In tempi in cui la famiglia tradizionale viene portata in piazza e sulle pagine dei giornali come vessillo di una concezione classica della società, ci si potrebbe aspettare da Vivés una critica su un argomento così attuale, ma le sue vignette non hanno un intento satirico.

Il meccanismo comico con cui il fumettista cerca di sorprendere e scandalizzare il lettore è quello del paradosso: vediamo infatti genitori comportarsi in modo diseducativo e bambini privati della loro ingenuità, discorsi padre-figlia che sfociano facilmente nella volgarità e una graduale sovversione delle consuetudini familiari a cui siamo abituati.

C'è un ribaltamento di ruoli dissacrante, fatto di cattivi consigli, complessi di Edipo portati all'estremo e un utilizzo straniante delle nuove tecnologie da parte dei genitori.
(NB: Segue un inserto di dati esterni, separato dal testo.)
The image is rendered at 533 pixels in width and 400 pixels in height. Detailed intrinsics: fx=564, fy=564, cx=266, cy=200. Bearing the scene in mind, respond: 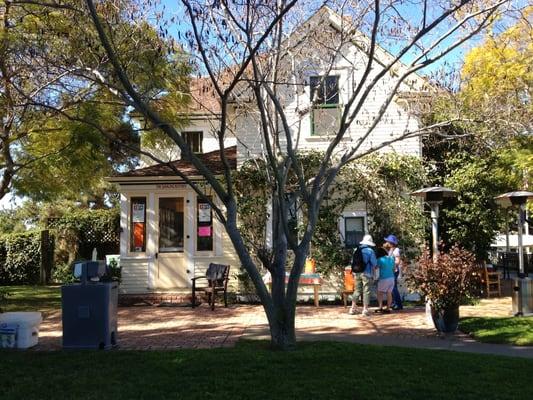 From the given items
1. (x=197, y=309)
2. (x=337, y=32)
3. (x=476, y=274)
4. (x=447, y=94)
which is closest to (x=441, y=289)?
(x=476, y=274)

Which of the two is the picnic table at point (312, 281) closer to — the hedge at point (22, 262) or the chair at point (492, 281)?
the chair at point (492, 281)

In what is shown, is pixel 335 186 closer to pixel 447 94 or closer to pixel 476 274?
pixel 447 94

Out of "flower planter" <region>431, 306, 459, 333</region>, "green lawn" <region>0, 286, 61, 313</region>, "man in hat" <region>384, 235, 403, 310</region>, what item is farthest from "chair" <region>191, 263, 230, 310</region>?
"flower planter" <region>431, 306, 459, 333</region>

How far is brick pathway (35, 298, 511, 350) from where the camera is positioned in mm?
9148

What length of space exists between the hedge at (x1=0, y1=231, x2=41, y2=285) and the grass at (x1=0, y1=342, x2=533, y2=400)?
49.2 feet

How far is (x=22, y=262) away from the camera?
22109 millimetres

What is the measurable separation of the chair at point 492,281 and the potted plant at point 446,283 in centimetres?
584

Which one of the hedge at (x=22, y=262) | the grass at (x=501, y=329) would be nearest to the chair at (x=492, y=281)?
the grass at (x=501, y=329)

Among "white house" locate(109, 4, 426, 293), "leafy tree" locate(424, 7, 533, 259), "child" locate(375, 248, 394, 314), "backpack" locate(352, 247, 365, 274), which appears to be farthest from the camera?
"white house" locate(109, 4, 426, 293)

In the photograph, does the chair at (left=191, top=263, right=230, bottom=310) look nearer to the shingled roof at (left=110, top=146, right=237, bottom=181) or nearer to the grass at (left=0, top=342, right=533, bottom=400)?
the shingled roof at (left=110, top=146, right=237, bottom=181)

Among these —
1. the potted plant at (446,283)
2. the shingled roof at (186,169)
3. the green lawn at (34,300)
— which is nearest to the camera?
the potted plant at (446,283)

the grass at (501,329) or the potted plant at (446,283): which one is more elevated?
the potted plant at (446,283)

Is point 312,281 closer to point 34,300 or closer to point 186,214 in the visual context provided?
point 186,214

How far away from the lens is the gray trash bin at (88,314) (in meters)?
8.45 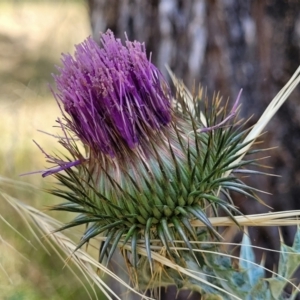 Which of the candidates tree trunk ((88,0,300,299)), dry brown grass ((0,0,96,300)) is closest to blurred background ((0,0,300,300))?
tree trunk ((88,0,300,299))

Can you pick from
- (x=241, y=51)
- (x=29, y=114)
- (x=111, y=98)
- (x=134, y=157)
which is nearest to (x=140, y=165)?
(x=134, y=157)

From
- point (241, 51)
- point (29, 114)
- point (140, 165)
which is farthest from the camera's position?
point (29, 114)

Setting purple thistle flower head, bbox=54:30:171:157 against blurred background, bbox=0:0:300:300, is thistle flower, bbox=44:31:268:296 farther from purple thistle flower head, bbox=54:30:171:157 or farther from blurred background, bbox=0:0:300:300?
blurred background, bbox=0:0:300:300

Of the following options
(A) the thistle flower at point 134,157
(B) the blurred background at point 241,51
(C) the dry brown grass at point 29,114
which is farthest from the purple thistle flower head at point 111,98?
(B) the blurred background at point 241,51

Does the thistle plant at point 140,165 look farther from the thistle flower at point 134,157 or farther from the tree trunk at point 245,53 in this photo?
the tree trunk at point 245,53

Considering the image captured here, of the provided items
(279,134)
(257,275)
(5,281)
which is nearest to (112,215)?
(257,275)

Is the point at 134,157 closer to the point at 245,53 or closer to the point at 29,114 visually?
the point at 245,53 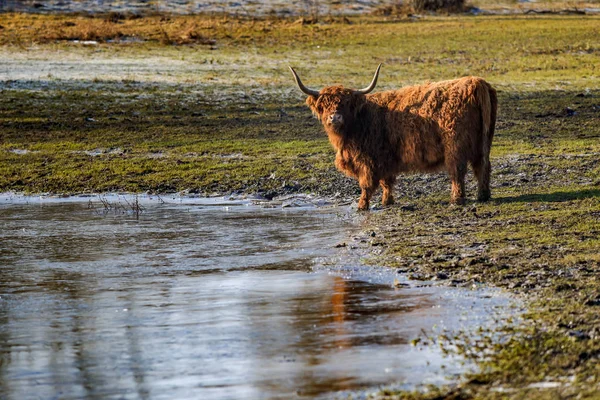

Il tipo di umorismo surreale è simile a quello degli altri fumetti nati sul blog di Vivés e si comprende rapidamente che sarà un segno distintivo di tutte le sue vignette; il rischio di diventare ripetitivo è alto, ma l'autore riesce comunque a spiazzare ogni volta con una risata dolceamara che a volte è in grado di far provare qualche brivido anche ai lettori meno pudici.

Ovviamente questo prodotto non è rivolto a chi può scandalizzarsi facilmente, considerando i toni tutt'altro che politically-correct presenti in ogni singolo fumetto.

Graficamente il tratto è semplice, forse fin troppo, con personaggi di cui dobbiamo intuire noi le espressioni facciali, ambienti appena accennati e disegni che spesso si ripetono più volte, al servizio di dialoghi differenti. Non va però dimenticata l'origine di questi fumetti, pensati per un blog e realizzati probabilmente con uno sforzo minimo dal punto di vista estetico, ma sfruttandoli semplicemente come mezzo per veicolare una gag.

Nel passaggio alla carta stampata forse si sarebbe potuto optare per una stampa di dimensioni ridotte, con più di due vignette per ogni pagina, visto che la componente di bianco risulta eccessiva e l'occhio percepisce una sensazione di vuoto durante la lettura.